Virtues/Vices/Great Ideas: (Find them in the Text)
Community, Family, Justice
Grammar Questions: (The Information of the Text)
According to Benedict, what factors should determine the kind of clothing the brothers in a monastery receive?
What was to be different about the clothing monks would wear when they went out “on a journey” from the monastery?
With whom should the Abbot of a monastery take his meals according to the Rule?
What were monasteries not to do concerning “newcomers to the monastic life?”
What must a newcomer who is finally received into the community “be well aware” of?
What things were new monks required to do as part of the ceremony of admittance into the community?
What are ordained priests who are admitted to the community of the monastery allowed to do which regular brothers are not?
What should the status of “ordained priest” not have any effect upon in the life of the monastery?
What benefit did Benedict say could come from having a visiting monk stay with them?
What three things play into what rank a monk holds in a benedictine monastery?
Logic Questions: (Interpreting, Comparing/Contrasting, Reasoning)
Why was the renunciation of private ownership so crucial to the rule of a Benedictine monastery?
Why were monks who were artisans supposed to set the prices for their work “a little lower than people outside the monastery [were] able to set it?”
Why did Benedict insist that the process of joining the monastery should take about a year and provide the initiate with numerous chances to back out?
Why might “a member of the nobility” offer his son to the monastery?
Why might a poor family offer their son to the monastery?
What is the difference between a regular monk and an ordained Priest?
Why might the Abbot, in some cases, set a visiting monk (who decides to become a permanent member of the monastery) higher in rank than those who entered before him?
Why should age not be a determining factor in the rankings of a monastery according to Benedict?
Rhetoric Questions: (The Analysis of Ideas in the Text)
The Rule states that “In order that the vice of private ownership may be completely uprooted, the abbot is to provide all things necessary.” Was Benedict right to call “private ownership” a vice? Why or why not?

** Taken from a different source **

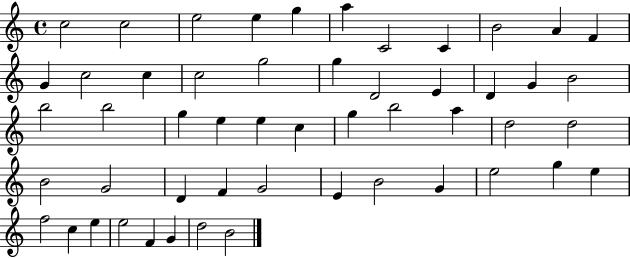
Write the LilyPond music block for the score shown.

When a brother was admitted into the monastery part of the finalization of this was a signed contract placed upon the altar. What is a contract? How should we define that concept? What are some different examples of contractual relationships? Why is it significant that contracts are typically signed by one or more parties? What sort of situations call for a contract to be made? When should one not enter into a contractual relationship? Should there always be penalties associated with the breaking of a contract? Why or why not?
Theological Analysis: (Sola Scriptura)
Read Acts 5:1-11. What specifically was the “fraud” which Ananias and Saphira committed?
How would you relate Proverbs 27:17 to what Benedict says about visiting monks in Ch. 61?
Read 1 Samuel 1. Why did Hannah commit Samuel to the temple? How might this inform your thinking about why some families may have given their sons to Benedictine monasteries?